- [TASK INSTRUCTIONS]: Would you retype the whole listing verbatim, keeping pictures out of it?

+++ GIVEN INFORMATION

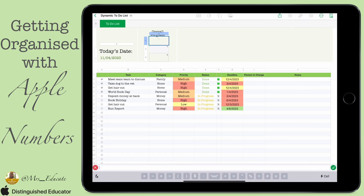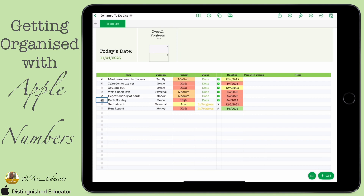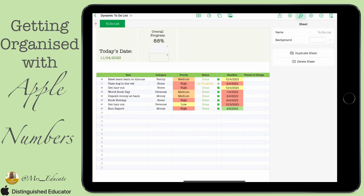Now we're going to put in a simple formula. We're going to put equals and then divide the number of tasks that are done — for this it's in A2 — by the total number of tasks that have text in them. What we'll now see is our overall progress changes as we do more of the items, up to 100%, and it only counts the tasks we've done out of the whole amount of tasks.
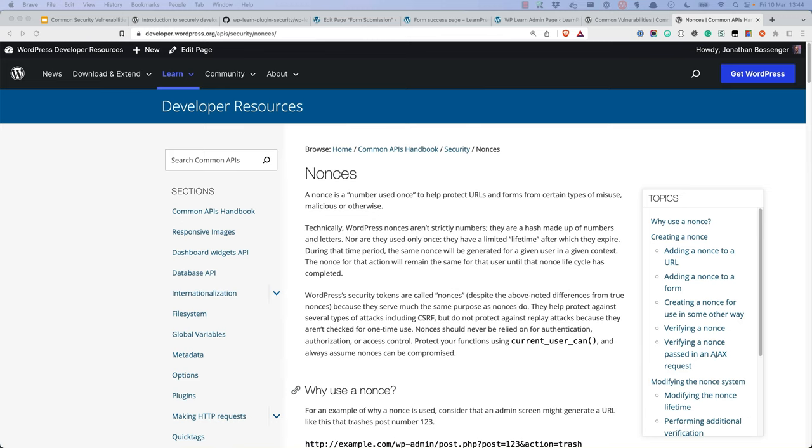A nonce is a number used once and provides a way to verify that the origin of the request is legitimate. You create a nonce when you need to verify that the request is legitimate. You output or pass the nonce to wherever needs to make the request. And finally, you verify the nonce when the request is made.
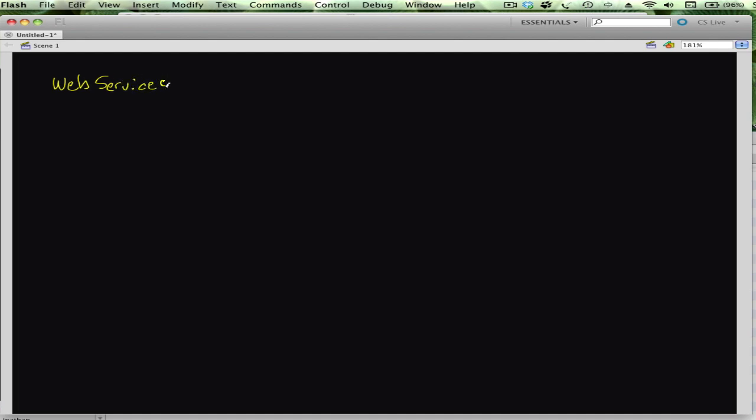Welcome back. I thought I was going to talk about web services, but the more I thought about it, really the first part of my application is the splash screen, so I need to talk about that first.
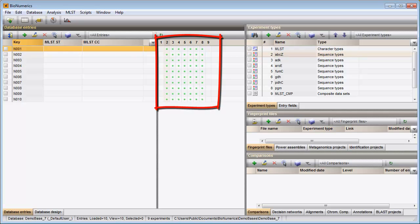Column 2 to column 8 correspond to my sequence experiments. A colored dot is displayed if a sequence is present for an entry-experiment combination.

++++++

- [EXERCISE ANSWER]:
Now we're going to put in a simple formula. We're going to put equals and then divide the number of tasks that are done — for this it's in A2 — by the total number of tasks that have text in them. What we'll now see is our overall progress changes as we do more of the items, up to 100%, and it only counts the tasks we've done out of the whole amount of tasks.
A nonce is a number used once and provides a way to verify that the origin of the request is legitimate. You create a nonce when you need to verify that the request is legitimate. You output or pass the nonce to wherever needs to make the request. And finally, you verify the nonce when the request is made.
Welcome back. I thought I was going to talk about web services, but the more I thought about it, really the first part of my application is the splash screen, so I need to talk about that first.
Column 2 to column 8 correspond to my sequence experiments. A colored dot is displayed if a sequence is present for an entry-experiment combination.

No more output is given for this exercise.